▸ Supplied material:
___
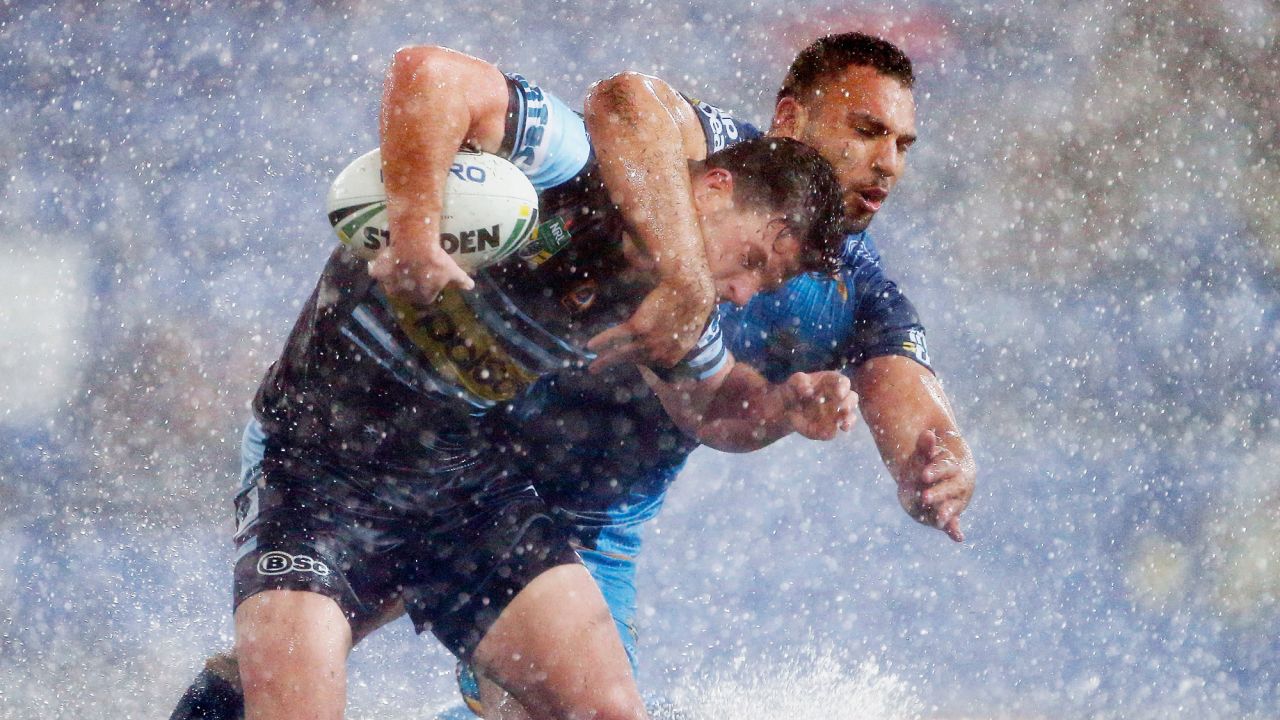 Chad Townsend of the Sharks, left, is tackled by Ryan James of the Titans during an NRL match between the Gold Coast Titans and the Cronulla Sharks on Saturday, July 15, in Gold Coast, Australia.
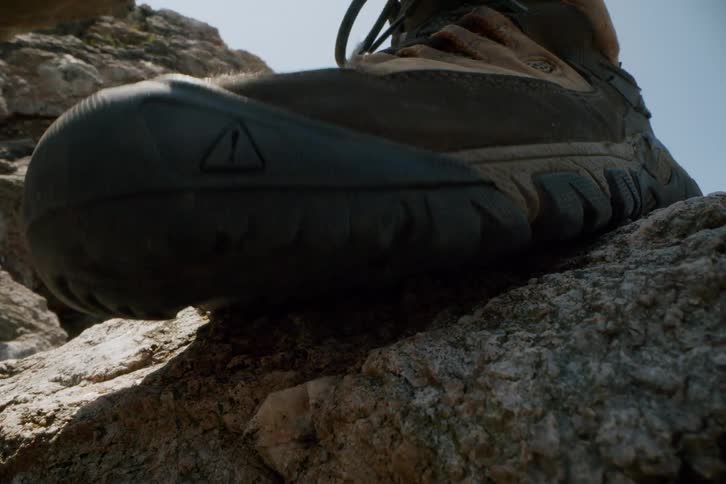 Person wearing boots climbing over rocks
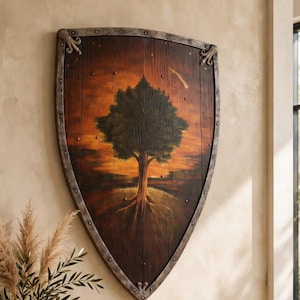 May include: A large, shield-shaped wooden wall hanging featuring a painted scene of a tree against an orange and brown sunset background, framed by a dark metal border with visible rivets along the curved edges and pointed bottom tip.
___
▸ Task objective: Your reply should consist solely of the lines from the one containing "Person wearing boots climbing over rocks" through the last line of the material, reproduced exactly and without pictures.

▸ Written answer:
 Person wearing boots climbing over rocks
 May include: A large, shield-shaped wooden wall hanging featuring a painted scene of a tree against an orange and brown sunset background, framed by a dark metal border with visible rivets along the curved edges and pointed bottom tip.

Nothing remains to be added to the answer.